Student Profiles
Miabi Chatterji entered the American Studies Ph.D. program in 2003. Her research interests include immigration to the U.S., corporate-led globalization, comparative Ethnic Studies, labor and gender, and the history/evolution of capitalism. She has previously researched Asian American leftist activists from the 1940s and 1950s, and her future dissertation work will most likely investigate South Asian service-sector workers in New York City and the particular function of their racialized labor. She works with Youth Solidarity Summer, a political education program for radical South Asian American youth, and GSOC, the graduate assistants’ union at NYU.

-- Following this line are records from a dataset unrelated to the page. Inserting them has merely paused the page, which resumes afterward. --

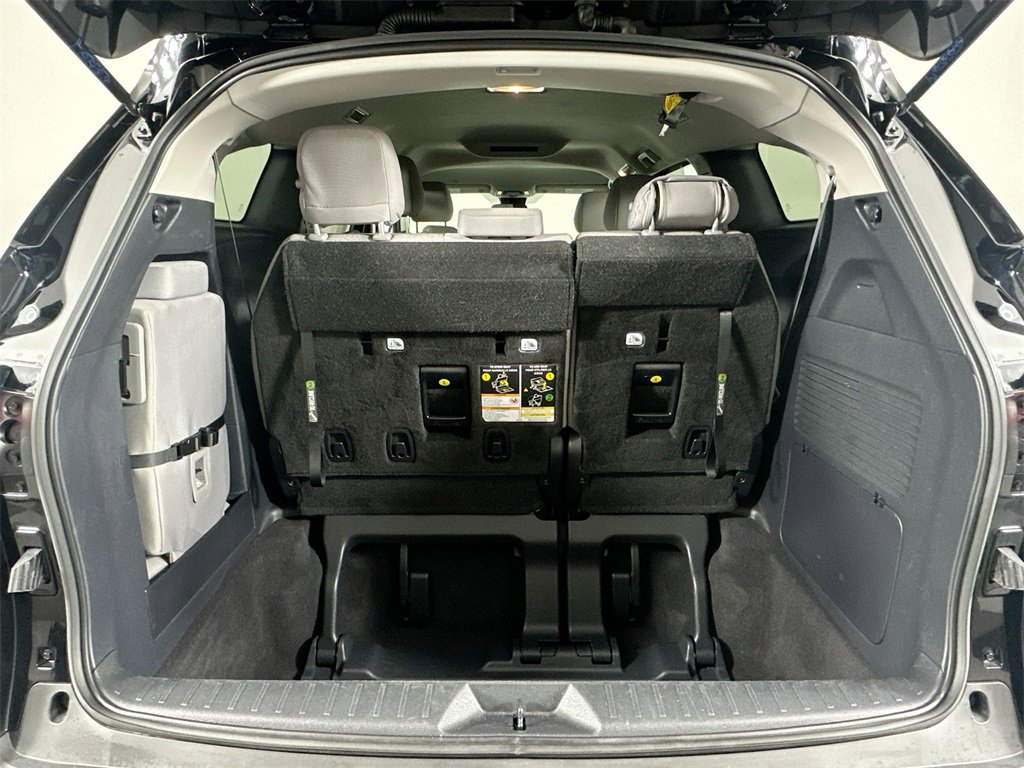 Used 2025 Toyota Sienna LE image 24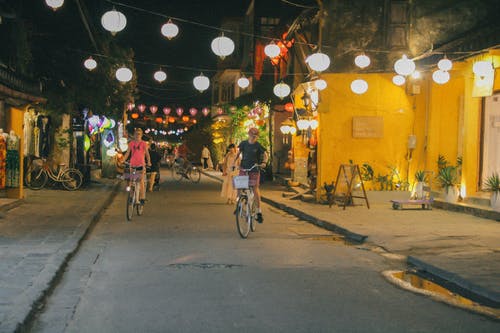 夜间道路上的两人骑自行车 · 免费素材图片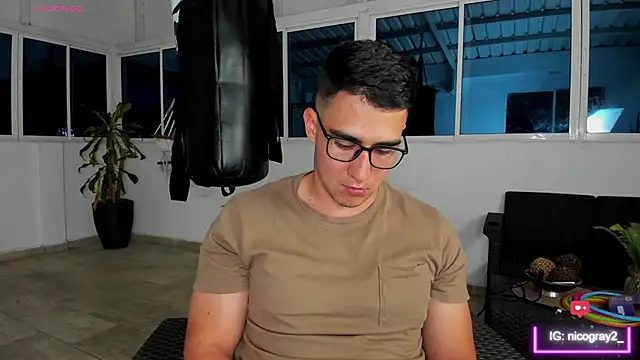 owengray2n online show from March 16, 12:45 am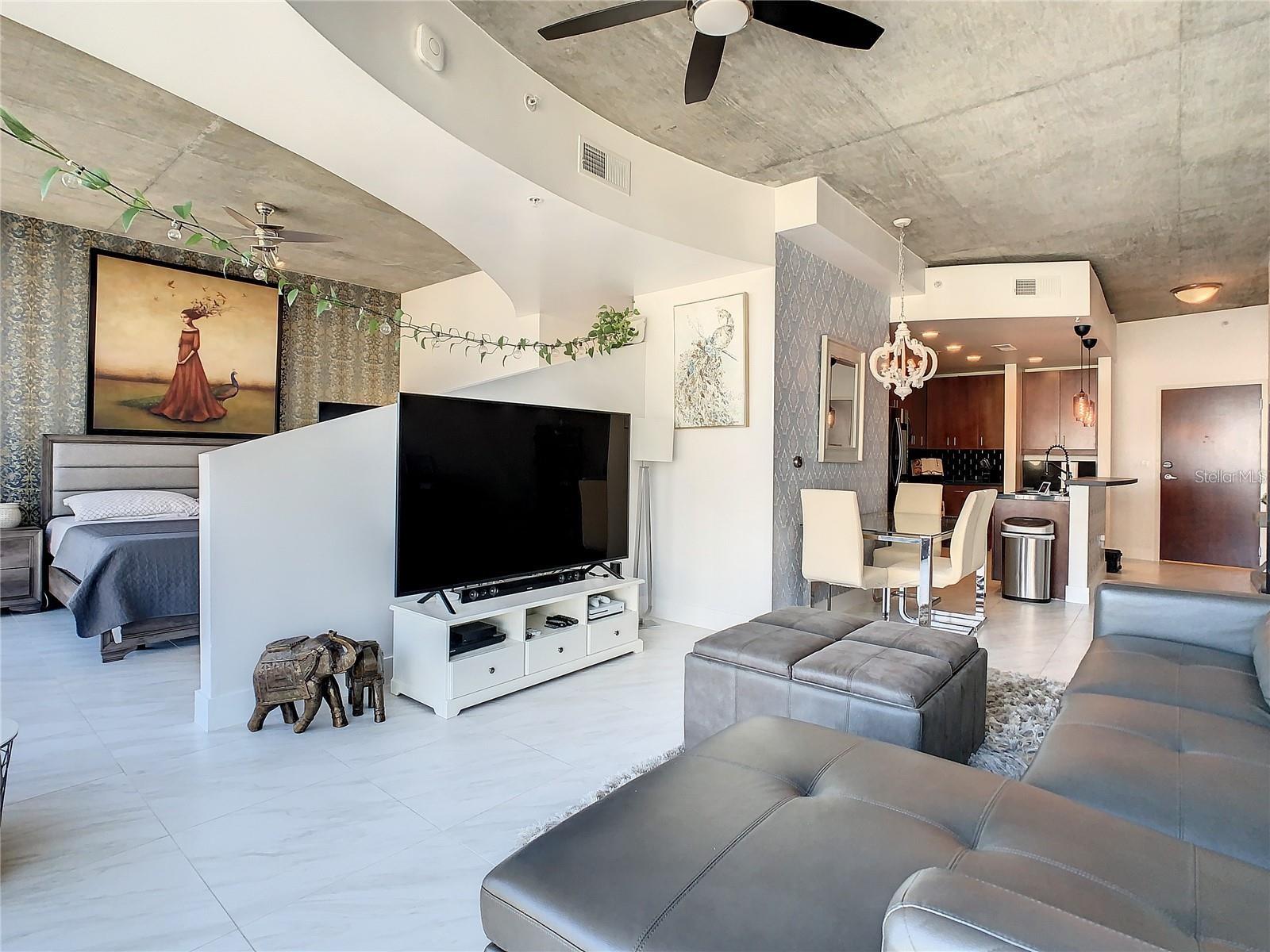 155 S COURT AVENUE #1810 photo 4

American Studies Ph.D. student Dacia Mitchell is a writer and visual artist who studied painting and biochemistry at Carleton College, where she earned her B.A. in Studio Art in 1998. Dacia also studied Orientalist and Post-Colonial art history at L'Universite de Paris-Sorbonne, which sparked her interest in race as a political identity. She later received her M.A. in Visual Studies from the California College of the Arts (CCA), where she wrote her thesis on representations of race in advertising. After graduating from CCA, Dacia served as a Scholar Assistant in the Research and Education department of the Getty Research Institute, where she worked closely with Getty Scholars on their varied projects and publications. Dacia is currently researching how representations of race during disaster frame the historical archive.

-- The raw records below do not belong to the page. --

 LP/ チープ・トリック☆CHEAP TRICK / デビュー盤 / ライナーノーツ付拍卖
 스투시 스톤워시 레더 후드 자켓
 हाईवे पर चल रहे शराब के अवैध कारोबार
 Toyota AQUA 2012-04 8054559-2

Adam John Waterman is completing an American Studies Ph.D. dissertation that examines the social history of law and U.S. sovereignty in the old Northwest through the events of the 1832 Black Hawk War. Tracing relationships between law, violence, sensation, and representation, it explores the production of property, individuality, and racial difference through the construction of a militarily fortified frontier society. Waterman’s other research interests include rural culture, economy and society; the relationship between European imperialism and American expansion; nineteenth century visions of pan-Americanism; and social theories of history, knowledge, and the nation-state. At present, he is beginning a project on crystal meth and the War on Drugs in the rural United States.